▶ _Exercise brief_
Give back an exact copy of the listing that follows, without the pictures.

▶ _Records for this exercise_
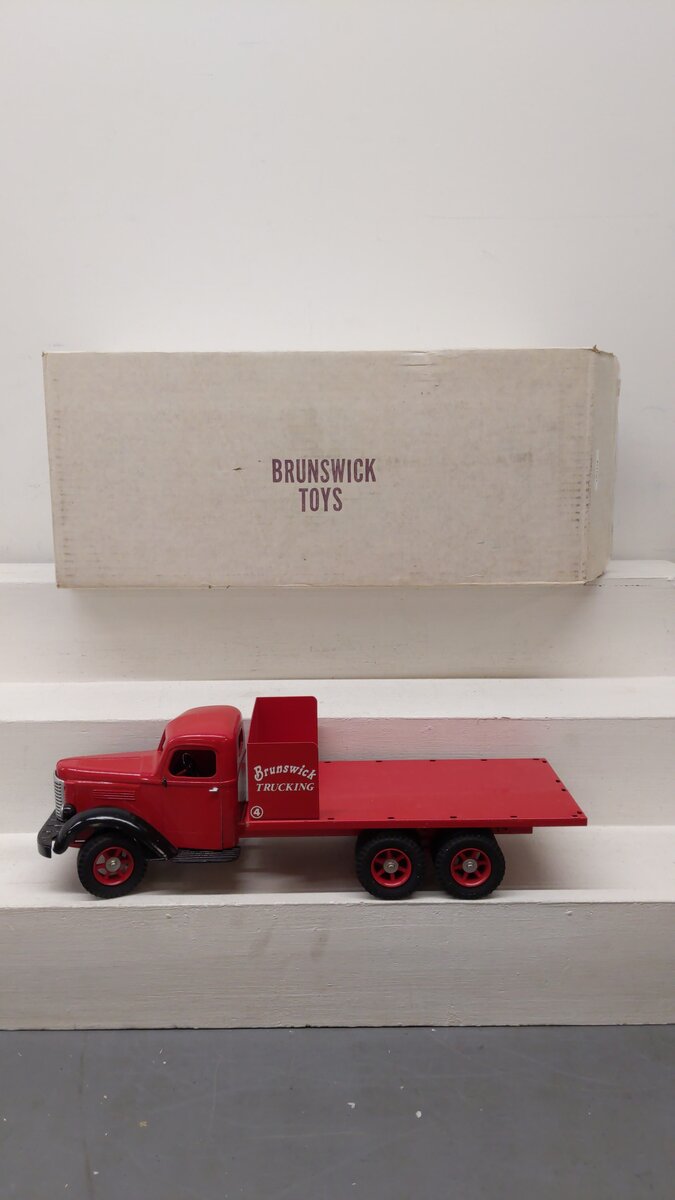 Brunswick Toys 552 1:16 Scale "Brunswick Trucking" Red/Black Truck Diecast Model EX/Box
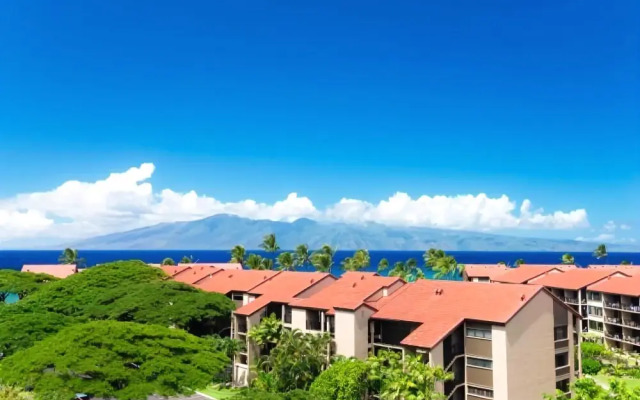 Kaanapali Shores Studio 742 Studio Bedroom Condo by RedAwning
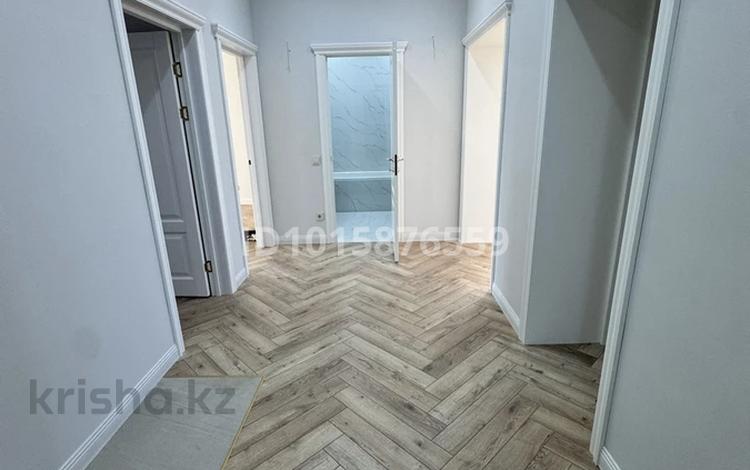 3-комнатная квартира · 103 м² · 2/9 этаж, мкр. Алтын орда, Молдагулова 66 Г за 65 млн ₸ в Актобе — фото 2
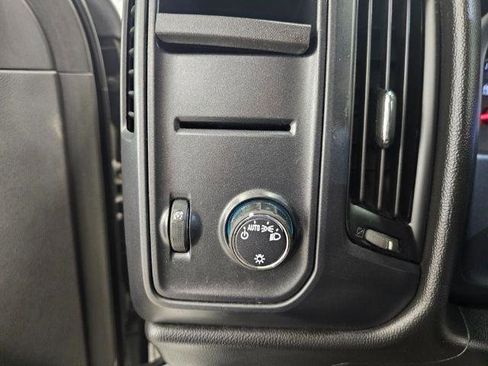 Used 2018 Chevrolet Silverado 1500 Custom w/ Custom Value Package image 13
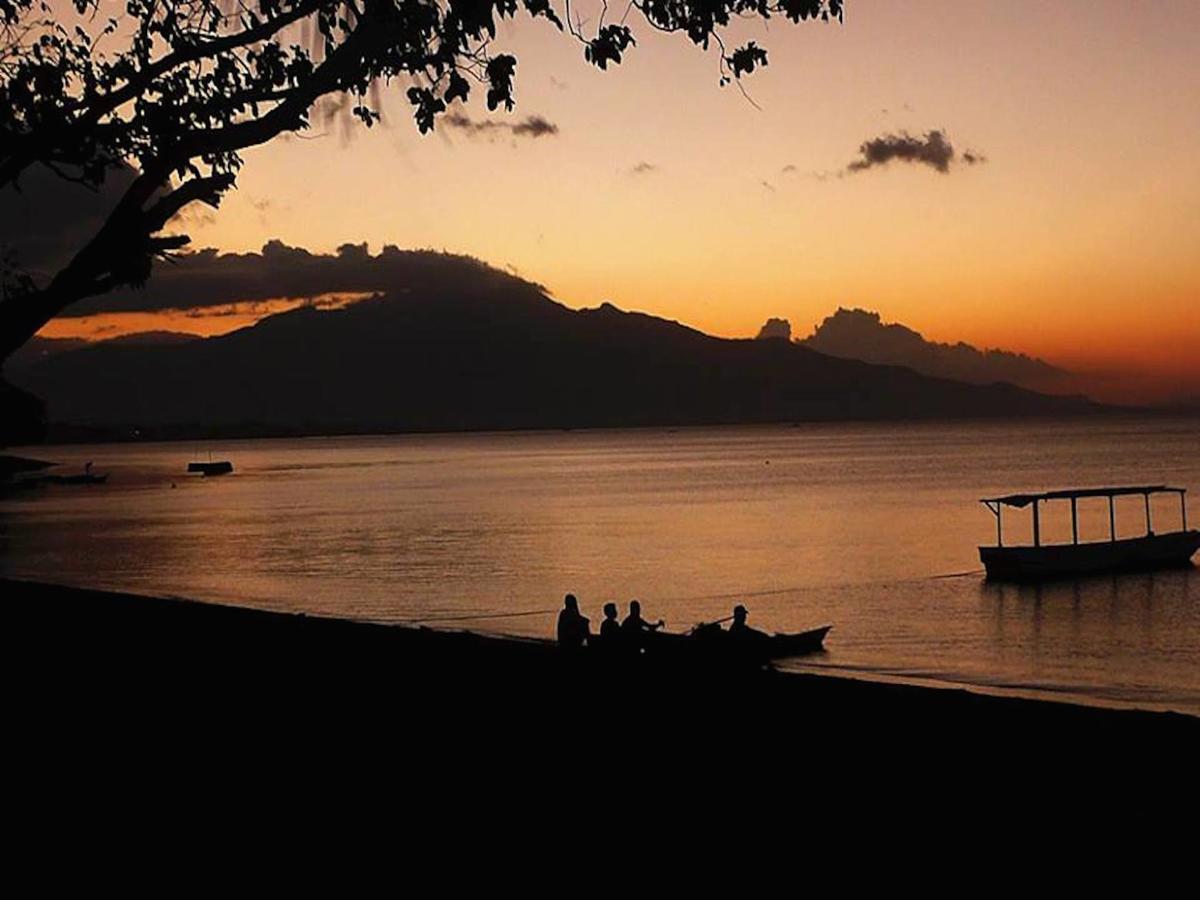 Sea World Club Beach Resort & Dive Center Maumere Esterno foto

▶ _Task answer_
 Brunswick Toys 552 1:16 Scale "Brunswick Trucking" Red/Black Truck Diecast Model EX/Box
 Kaanapali Shores Studio 742 Studio Bedroom Condo by RedAwning
 3-комнатная квартира · 103 м² · 2/9 этаж, мкр. Алтын орда, Молдагулова 66 Г за 65 млн ₸ в Актобе — фото 2
 Used 2018 Chevrolet Silverado 1500 Custom w/ Custom Value Package image 13
 Sea World Club Beach Resort & Dive Center Maumere Esterno foto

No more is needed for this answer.